Kant’s Critique of Pure Reason

Professor Patrick Frierson

Class Meets Tuesdays, 7:30-close in Olin 154 and Wednesdays for tutorials in Olin 194 (see below)

Office Hours: Tuesday 3-5 PM, Wednesday 11-noon, Thursday 9-10 AM.

 

 

Overview:  The Critique of Pure Reason is one of the most important works in the history of philosophy. In this work, Kant articulates his “transcendental idealism” and seeks to show a way to resolve the problems with both British empiricism and Continental rationalism. Martin Heidegger has explained the importance of this text as follows: “Because of the Critique of Pure Reason all preceding philosophy . . . is put in a new light, and for the period that comes after, this Critique gives rise to a new philosophical problematic.” As one of the most important philosophical texts of all time, the first Critique is a sweeping study of the nature of knowledge and reality that transformed study within metaphysics, epistemology, philosophy of science, phenomenology, philosophy of religion, and even ethics. Getting a clear understanding of this text will illuminate both the history of philosophy prior to Kant and the history of philosophy that developed in response to his great work. At the same time, the study of the Critique of Pure Reason has proved a fruitful source of original philosophical thinking itself. In his own courses, Kant repeatedly said that he taught not philosophy, but how to philosophize. In studying Kant's most important work, we will focus not merely on learning what Kant's views were, but on learning how to think more deeply about the topics that he discusses. In that context, you will be encouraged to not only understand his views, but critique them, take them further, or draw out unintended or unexplored implications of them. You are encouraged to develop your own philosophical interpretations not only of Kant himself, but of the world that he tries to explain, the world of human “experience.”

 

Required Texts:

1.      Immanuel Kant, Critique of Pure Reason, ed. Guyer and Wood, Cambridge University Press: 1998, ISBN: 0-521-65729-6.

2.      Jill Vance Buroker, Kant’s Critique of Pure Reason: An Introduction, Cambridge University Press: 2006; ISBN: 0-521-61825-0

3.      The Cambridge Companion to Kant’s Critique of Pure Reason (ed.

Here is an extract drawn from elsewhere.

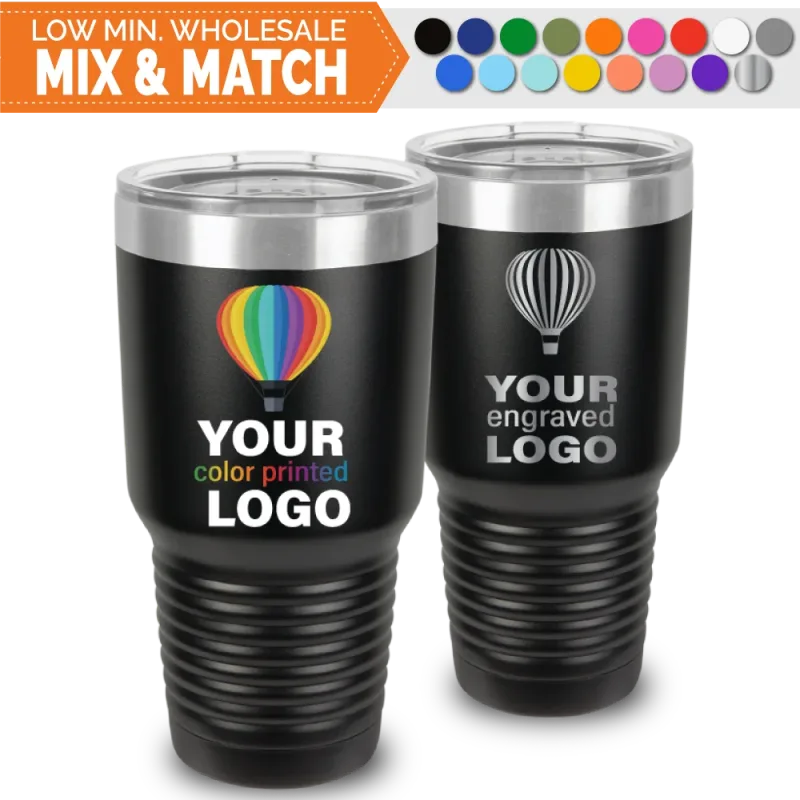 Copos promocionais de 30 oz -Mix & Match- Venda por grosso personalizada com logótipo gravado ou impresso a cores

Paul Guyer), Cambridge University Press: 2010; ISBN: 0-521-71011-4.

4.      Lucy Allais, Manifest Reality, Oxford University Press: 2014; ISBN: 0-198-74713-0

Course Requirements:

·         Six (6) tutorial papers (1500-2200 words)  [10% of grade each, 60% total]

·         Six (6) peer commentaries during tutorial [20% of grade total]

·         Oral participation in tutorial [15% of grade total]

·         Kant Lexikon [5% of grade]

·         Final paper (1800-3000 words) [Optional, can affect final grade if done well]

Kant Lexikon: Over the course of the semester, you should put together a lexicon of key Kantian terms.  Each week, you should choose a minimum of three (3) terms to define.  For each term, you should give your own concise definition of the term.  If it is used in multiple different ways, give multiple concise definitions.  You should quote at least sentence from Kant in which he uses the term and explain its use in that context.  You should also have at least two additional references to places where Kant uses the term in the same way.  If a secondary source defines the term (Burocker often does), you should give a reference to where it is defined in that source (and if you particularly like the definition, quote it).  After the first week, you can choose to revise or expand a definition of term rather than define a new term.  By the end of the semester, you need to have completed at least twenty-five (25) terms and to have revised at least ten (10) of these.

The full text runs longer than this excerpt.